Abstract
Large‐scale electronic health record research introduces biases compared to traditional manually curated retrospective research. We used data from a community‐acquired pneumonia study for which we had a gold standard to illustrate such biases. The challenges include data inaccuracy, incompleteness, and complexity, and they can produce in distorted results. We found that a naïve approach approximated the gold standard, but errors on a minority of cases shifted mortality substantially. Manual review revealed errors in both selecting and characterizing the cohort, and narrowing the cohort improved the result. Nevertheless, a significantly narrowed cohort might contain its own biases that would be difficult to estimate.
Background
With the increasing adoption of electronic health records, there is the potential for over one billion patient visits to be documented per year in the US [1], and these data should be a boon to clinical research [2]. Large-scale electronic health record-based research is more challenging than traditional retrospective studies, however. The record is frequently inaccurate [3], incomplete, and complex. In traditional retrospective research, a human expert reads the data sources—which may include electronic health records—for each subject, interprets them, and records more reliable variables. Data that are obviously inaccurate or contradictory are adjudicated, missing variables are frequently filled in by inferring related information from other variables, and deeply nested information is interpreted in the context of the study.
Large-scale electronic health record-based research hopes to process huge numbers of subjects without subject-by-subject human intervention. To duplicate retrospective research, study analysts must attempt to mimic the reasoning that researchers apply to individual records. In this paper, we illustrate the challenge.
In 1997, Fine et al. [4] used data from the Pneumonia Patient Outcomes Research Team cohort study to define a pneumonia severity index that could help clinicians decide whether a patient with community-acquired pneumonia needed to be admitted for treatment or could be discharged home on oral antibiotics. The index used five severity classes from I (healthiest) to V (most severe) and reported the mortality rate for each class. The 1997 study is an example of traditional retrospective research.
In 2007, Hripcsak et al. [5] used the New York-Presbyterian Hospital clinical data warehouse to repeat Fine’s study. The informatics research goal was to demonstrate the use of discordance in a subsample to improve data mining. The 2007 study is an example of large-scale electronic health record research.
In this paper, we reuse the data from the 2007 study to illustrate the biases inherent in a naïve use of electronic health record data, graphing the data to emphasize the biases. We use the 1997 Fine study to serve as the gold standard.
Methods
The Fine classification uses a broad range of clinical information, including demographics (age, gender, nursing home residence), coexisting illnesses (neoplastic, liver, heart failure, cerebrovascular, renal), physical findings (mental status, respiratory rate, blood pressure, temperature, pulse), and laboratory findings (pH, BUN, sodium, glucose, hematocrit, PO2, pleural effusion). Class I patients are those under 50 years old with no coexisting illnesses or physical findings. Other patients are assigned a numeric score based on their findings, and the score is mapped to classes II to V.
Repeating the Fine study using the electronic health record required two steps: (1) defining a cohort of patients with community-acquired pneumonia, and (2) calculating the Fine score. The required variables for both steps were derived from the New York-Presbyterian Hospital electronic health record’s administrative data including ICD9-CM codes, laboratory data, radiology data, and clinical notes whose symptoms, physical findings and diagnoses were coded via natural language processing.
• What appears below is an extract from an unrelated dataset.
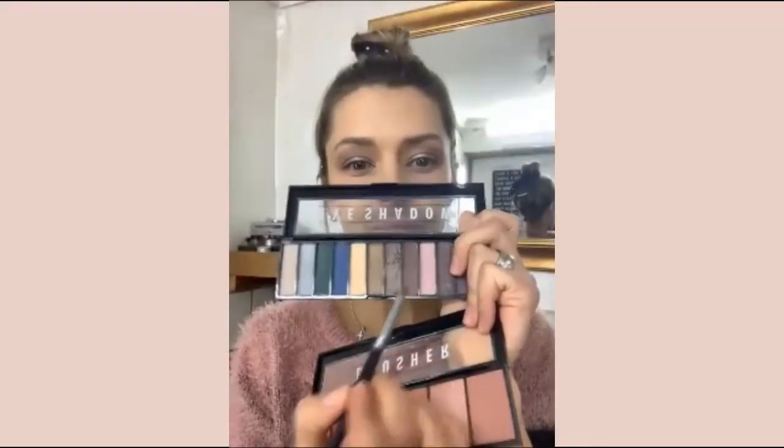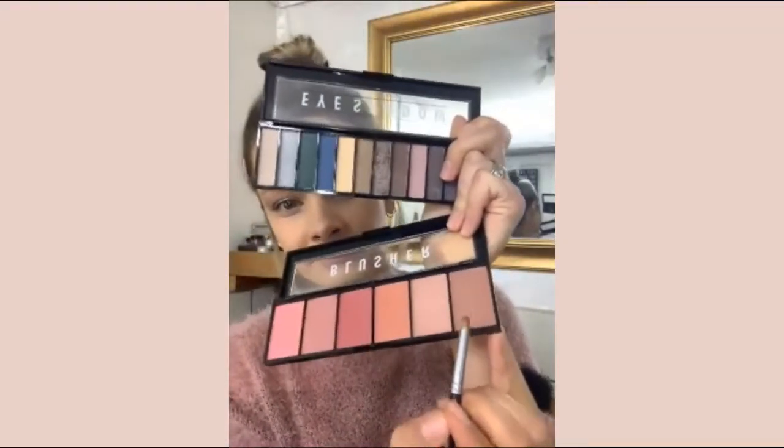I'm going to take the same two colors that I've put into the crease — that same brown color and the color at the end of the blush palette — and work the same colors underneath the eye. I'll show you how to incorporate our smoky pencil and really blend it out so all the colors amalgamate and come together.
The community-acquired pneumonia cohort was defined as patients who had some indication of pneumonia—a relevant ICD9-CM code, mention of pneumonia in a discharge summary, or pneumonia-relevant findings in a chest radiographic report—corroborated by radiographic evidence of pneumonia and at least one symptom or sign consistent with pneumonia. A case was considered community acquired if there was no evidence of HIV and there were no recent episodes of pneumonia or hospitalization. The Fine classification was then applied to the case, and a mortality rate and a 95% confidence interval was calculated for each class.
The institutional review board approved the study.
Results
Between the years 1996 and 1999, the clinical data warehouse had 49,642 inpatient and ambulatory cases that had some indication of pneumonia, and 18,715 cases had corroboratory evidence and were considered community acquired. Figure 1 shows Fine’s mortality results [52] for each severity class as large green squares. The blue diamonds with error bars show the calculated classes and mortality for the 18,715-case cohort [5]. While the 18,715-case cohort roughly follows the Fine results, every error bar excludes the corresponding Fine result, and Class I (i.e., the healthiest) showed almost twice the mortality of Class II.
A manual review revealed two main problems: (1) many subjects did not actually have pneumonia and (2) many subjects in Class I should have been in Class III or higher, including several intensive care unit cases. Pneumonia findings were not specific enough, allowing patients with cardiac arrest, heart and lung transplant, sepsis, respiratory distress syndrome, cystic fibrosis, and dissecting aortic aneurysm to enter the cohort without having pneumonia. Furthermore, important findings were insufficiently documented, such as liver failure, myocardial infarction, congestive heart failure, and HIV. If a patient came in with severe community-acquired pneumonia and died in the emergency department, then the care team spent little time documenting symptoms so that in the electronic health record, the patient appeared to be healthy other than the death.
We then narrowed the cohort by requiring an ICD9-CM diagnosis of pneumonia (and not mere sepsis, as others have defined it) in addition to the other NLP-related criteria and by requiring that a discharge summary be available for inpatients. Because very short admissions did not require discharge summaries, patients who arrived and died immediately were filtered out. Using the additional criteria reduced the sample to 1935 cases (or about 10% of the previous sample). The results are shown in Figure 1 as small pink circles with error bars [5]. The new results track the Fine results, and after correcting for multiple hypotheses, the two samples are not statistically different. The nominal mortality for Class I is still slightly higher than that for Class II, but confidence intervals overlap and they are much closer than before. The mortality in Class V is nominally lower than Fine’s result, and this may be due to inadvertent filtering of the most severe cases.
Figure 1.
Inpatient mortality for community acquired pneumonia.
Discussion
This study reveals several lessons about large-scale electronic health record research:
1. The electronic health record does contain useful information. Even the naïve approach roughly matched the gold standard, and the filtered cohort matched it closely. Manual review revealed that the majority of cases were correctly classified.
2. Errors can occur both in selecting a cohort and in characterizing that cohort. Both types of errors occurred in this study.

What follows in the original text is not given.